◆ Task description
Could you output the listing that follows exactly, without its images?

◆ Exercise data
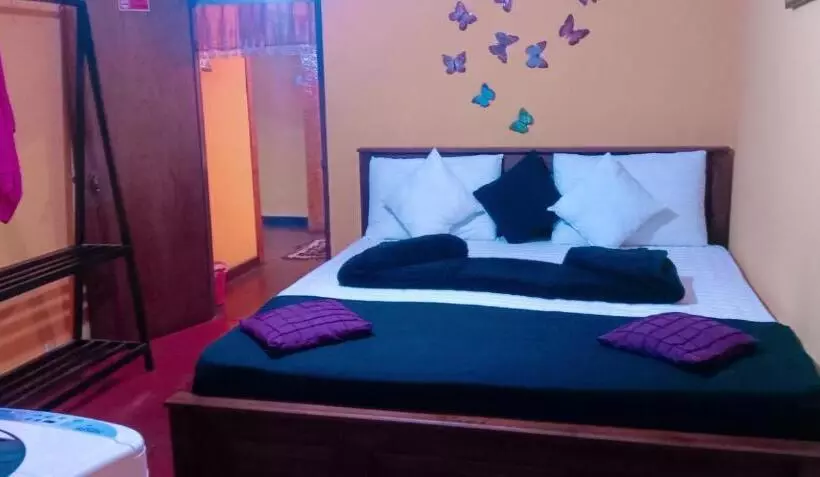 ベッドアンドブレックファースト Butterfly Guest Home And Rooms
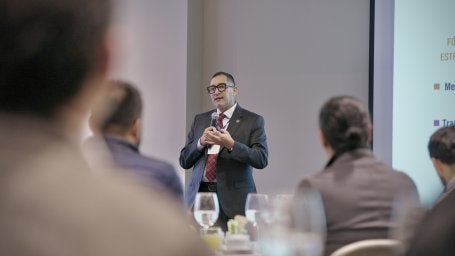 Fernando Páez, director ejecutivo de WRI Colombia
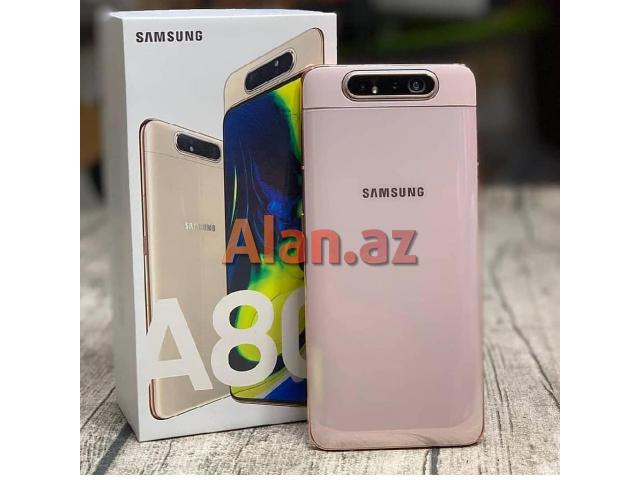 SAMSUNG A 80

◆ Response for this exercise
 ベッドアンドブレックファースト Butterfly Guest Home And Rooms
 Fernando Páez, director ejecutivo de WRI Colombia
 SAMSUNG A 80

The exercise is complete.